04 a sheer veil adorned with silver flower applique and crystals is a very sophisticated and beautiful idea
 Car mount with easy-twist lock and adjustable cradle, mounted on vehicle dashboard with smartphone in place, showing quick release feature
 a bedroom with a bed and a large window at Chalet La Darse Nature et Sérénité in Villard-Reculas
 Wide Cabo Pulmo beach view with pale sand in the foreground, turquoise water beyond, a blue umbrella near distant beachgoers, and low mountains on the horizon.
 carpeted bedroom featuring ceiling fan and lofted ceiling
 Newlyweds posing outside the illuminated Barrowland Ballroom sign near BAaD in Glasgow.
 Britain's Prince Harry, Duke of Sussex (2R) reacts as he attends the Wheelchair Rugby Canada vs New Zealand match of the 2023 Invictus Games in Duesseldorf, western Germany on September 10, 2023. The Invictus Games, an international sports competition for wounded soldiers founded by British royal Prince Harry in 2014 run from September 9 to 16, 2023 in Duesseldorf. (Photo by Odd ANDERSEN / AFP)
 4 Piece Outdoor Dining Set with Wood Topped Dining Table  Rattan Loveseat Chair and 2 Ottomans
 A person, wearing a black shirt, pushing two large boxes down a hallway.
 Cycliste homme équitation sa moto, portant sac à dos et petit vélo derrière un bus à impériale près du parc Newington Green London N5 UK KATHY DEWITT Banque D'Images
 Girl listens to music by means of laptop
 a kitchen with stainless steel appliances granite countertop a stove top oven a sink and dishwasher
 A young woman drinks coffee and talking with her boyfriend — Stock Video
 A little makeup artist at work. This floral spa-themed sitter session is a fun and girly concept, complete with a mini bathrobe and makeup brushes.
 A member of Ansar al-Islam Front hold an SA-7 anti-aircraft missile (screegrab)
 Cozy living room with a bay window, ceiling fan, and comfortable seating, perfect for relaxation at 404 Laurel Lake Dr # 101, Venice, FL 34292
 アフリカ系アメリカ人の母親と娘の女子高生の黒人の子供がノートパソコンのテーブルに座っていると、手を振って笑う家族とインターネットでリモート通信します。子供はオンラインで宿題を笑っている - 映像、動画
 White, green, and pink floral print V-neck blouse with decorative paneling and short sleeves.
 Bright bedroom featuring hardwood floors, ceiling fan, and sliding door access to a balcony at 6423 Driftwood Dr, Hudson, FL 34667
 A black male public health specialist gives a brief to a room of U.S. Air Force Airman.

• Directions for this task
In the data above, which lines have "bedroom"? Report each of them.

• Solution to the exercise
 a bedroom with a bed and a large window at Chalet La Darse Nature et Sérénité in Villard-Reculas
 carpeted bedroom featuring ceiling fan and lofted ceiling
 Bright bedroom featuring hardwood floors, ceiling fan, and sliding door access to a balcony at 6423 Driftwood Dr, Hudson, FL 34667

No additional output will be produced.